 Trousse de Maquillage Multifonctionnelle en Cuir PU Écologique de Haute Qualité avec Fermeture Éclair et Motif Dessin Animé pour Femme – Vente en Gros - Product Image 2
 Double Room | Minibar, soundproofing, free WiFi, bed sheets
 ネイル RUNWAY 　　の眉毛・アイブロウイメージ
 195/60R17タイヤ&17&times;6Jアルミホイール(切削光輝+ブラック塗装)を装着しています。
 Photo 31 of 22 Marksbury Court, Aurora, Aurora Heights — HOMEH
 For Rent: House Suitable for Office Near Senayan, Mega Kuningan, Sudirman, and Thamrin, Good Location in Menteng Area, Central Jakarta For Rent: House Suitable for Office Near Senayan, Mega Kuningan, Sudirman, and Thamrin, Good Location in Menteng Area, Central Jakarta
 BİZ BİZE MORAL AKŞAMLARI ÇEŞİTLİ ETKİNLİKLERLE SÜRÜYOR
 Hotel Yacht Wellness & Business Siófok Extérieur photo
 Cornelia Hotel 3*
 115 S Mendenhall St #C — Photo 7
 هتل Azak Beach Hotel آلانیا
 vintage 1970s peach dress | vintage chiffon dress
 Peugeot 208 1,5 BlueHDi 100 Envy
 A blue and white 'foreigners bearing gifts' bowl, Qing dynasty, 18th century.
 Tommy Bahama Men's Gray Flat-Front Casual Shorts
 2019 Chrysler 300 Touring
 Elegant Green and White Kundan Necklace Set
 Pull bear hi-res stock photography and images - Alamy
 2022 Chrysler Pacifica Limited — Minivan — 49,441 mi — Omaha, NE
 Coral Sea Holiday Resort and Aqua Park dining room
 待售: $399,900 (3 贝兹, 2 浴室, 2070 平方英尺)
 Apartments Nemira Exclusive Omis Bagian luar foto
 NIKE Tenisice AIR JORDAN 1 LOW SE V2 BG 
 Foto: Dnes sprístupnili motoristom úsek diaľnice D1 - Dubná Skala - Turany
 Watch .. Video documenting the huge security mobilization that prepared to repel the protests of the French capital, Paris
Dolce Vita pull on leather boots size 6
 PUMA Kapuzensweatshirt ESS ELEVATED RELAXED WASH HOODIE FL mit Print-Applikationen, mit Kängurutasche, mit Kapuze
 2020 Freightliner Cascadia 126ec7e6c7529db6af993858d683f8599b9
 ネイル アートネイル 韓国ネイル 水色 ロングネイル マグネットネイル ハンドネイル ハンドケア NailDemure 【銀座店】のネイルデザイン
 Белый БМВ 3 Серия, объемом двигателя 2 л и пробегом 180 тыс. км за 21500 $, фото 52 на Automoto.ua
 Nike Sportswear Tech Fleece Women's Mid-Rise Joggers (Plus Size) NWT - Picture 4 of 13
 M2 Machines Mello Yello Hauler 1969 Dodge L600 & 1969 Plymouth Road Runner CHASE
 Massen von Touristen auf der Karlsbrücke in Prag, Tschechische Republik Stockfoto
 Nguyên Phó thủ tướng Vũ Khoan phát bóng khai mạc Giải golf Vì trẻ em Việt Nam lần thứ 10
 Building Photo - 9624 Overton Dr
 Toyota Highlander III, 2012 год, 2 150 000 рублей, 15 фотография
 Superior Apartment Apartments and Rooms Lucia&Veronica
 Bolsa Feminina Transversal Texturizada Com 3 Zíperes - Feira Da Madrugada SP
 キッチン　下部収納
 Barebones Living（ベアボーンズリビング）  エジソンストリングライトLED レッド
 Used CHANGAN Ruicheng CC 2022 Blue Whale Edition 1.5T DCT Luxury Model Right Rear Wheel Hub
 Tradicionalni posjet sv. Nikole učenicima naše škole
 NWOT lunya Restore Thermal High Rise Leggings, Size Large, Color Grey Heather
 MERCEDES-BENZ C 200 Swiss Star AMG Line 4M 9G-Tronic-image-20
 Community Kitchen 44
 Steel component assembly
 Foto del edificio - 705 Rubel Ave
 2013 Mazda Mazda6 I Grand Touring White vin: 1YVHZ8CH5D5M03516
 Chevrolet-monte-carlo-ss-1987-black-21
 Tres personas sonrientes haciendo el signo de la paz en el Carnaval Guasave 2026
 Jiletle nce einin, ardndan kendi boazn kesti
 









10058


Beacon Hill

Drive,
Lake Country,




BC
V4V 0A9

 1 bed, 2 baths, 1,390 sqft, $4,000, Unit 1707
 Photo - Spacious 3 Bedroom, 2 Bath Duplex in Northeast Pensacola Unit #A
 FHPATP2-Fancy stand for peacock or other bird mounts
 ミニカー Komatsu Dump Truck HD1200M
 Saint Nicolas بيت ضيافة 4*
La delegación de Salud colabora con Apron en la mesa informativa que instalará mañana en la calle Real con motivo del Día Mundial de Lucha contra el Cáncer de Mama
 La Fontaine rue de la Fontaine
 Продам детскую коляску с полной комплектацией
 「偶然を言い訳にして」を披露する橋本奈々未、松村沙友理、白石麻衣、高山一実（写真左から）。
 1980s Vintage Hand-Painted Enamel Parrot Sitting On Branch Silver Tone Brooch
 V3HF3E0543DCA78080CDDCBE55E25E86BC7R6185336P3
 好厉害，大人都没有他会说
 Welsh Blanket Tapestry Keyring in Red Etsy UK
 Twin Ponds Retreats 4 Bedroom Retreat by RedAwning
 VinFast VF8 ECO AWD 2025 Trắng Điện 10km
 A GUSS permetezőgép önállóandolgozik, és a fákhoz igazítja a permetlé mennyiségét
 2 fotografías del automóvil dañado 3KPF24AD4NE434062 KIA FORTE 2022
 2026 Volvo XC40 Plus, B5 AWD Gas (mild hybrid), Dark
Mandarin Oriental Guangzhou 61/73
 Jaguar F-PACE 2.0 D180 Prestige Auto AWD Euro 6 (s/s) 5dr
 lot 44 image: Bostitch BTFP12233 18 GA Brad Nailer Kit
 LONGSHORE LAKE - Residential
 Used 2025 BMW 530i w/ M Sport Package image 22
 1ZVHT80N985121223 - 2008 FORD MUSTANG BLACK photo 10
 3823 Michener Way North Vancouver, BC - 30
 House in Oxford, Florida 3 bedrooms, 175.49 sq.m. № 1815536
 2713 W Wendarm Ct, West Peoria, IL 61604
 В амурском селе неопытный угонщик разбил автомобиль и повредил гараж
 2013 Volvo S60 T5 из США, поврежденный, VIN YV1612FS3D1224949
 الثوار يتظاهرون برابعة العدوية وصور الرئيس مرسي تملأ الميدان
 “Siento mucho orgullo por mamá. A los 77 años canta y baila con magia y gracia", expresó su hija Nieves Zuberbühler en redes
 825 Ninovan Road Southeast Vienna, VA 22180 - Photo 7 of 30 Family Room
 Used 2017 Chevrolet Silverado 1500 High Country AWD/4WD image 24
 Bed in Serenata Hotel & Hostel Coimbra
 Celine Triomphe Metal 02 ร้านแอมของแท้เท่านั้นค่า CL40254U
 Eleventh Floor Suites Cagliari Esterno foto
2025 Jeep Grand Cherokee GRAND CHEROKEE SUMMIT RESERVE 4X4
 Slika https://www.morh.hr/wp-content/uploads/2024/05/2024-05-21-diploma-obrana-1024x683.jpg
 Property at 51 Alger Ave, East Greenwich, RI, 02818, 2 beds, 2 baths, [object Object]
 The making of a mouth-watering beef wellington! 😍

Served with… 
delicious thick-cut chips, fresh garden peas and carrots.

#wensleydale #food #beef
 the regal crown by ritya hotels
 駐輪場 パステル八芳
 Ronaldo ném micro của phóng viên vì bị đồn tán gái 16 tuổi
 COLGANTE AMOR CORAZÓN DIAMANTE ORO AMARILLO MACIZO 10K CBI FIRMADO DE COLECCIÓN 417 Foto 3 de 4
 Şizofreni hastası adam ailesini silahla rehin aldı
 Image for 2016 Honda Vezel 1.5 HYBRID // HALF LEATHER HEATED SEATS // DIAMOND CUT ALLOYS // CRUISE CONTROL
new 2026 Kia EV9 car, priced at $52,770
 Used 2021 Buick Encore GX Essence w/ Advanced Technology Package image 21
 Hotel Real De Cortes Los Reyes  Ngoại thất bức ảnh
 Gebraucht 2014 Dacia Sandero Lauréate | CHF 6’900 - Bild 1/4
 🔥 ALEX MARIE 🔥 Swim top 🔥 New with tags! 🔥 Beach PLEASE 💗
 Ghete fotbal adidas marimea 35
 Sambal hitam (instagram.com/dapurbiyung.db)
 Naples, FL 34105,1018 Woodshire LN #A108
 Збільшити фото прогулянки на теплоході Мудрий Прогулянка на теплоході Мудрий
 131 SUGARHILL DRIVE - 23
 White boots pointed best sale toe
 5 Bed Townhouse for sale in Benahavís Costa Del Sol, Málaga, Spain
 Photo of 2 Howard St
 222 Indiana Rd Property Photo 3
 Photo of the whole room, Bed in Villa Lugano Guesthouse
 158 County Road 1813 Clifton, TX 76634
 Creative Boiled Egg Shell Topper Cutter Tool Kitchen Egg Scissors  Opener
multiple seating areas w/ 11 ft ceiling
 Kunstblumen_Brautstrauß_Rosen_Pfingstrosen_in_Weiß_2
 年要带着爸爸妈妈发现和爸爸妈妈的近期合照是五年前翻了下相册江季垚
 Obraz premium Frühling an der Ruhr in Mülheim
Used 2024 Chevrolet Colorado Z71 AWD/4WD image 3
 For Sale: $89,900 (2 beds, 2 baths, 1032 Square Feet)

+---+

The required output is the exact run of lines from the one with "Naples, FL 34105,1018 Woodshire LN #A108" through the final line of the entries.

Answer area =
 Naples, FL 34105,1018 Woodshire LN #A108
 Збільшити фото прогулянки на теплоході Мудрий Прогулянка на теплоході Мудрий
 131 SUGARHILL DRIVE - 23
 White boots pointed best sale toe
 5 Bed Townhouse for sale in Benahavís Costa Del Sol, Málaga, Spain
 Photo of 2 Howard St
 222 Indiana Rd Property Photo 3
 Photo of the whole room, Bed in Villa Lugano Guesthouse
 158 County Road 1813 Clifton, TX 76634
 Creative Boiled Egg Shell Topper Cutter Tool Kitchen Egg Scissors  Opener
multiple seating areas w/ 11 ft ceiling
 Kunstblumen_Brautstrauß_Rosen_Pfingstrosen_in_Weiß_2
 年要带着爸爸妈妈发现和爸爸妈妈的近期合照是五年前翻了下相册江季垚
 Obraz premium Frühling an der Ruhr in Mülheim
Used 2024 Chevrolet Colorado Z71 AWD/4WD image 3
 For Sale: $89,900 (2 beds, 2 baths, 1032 Square Feet)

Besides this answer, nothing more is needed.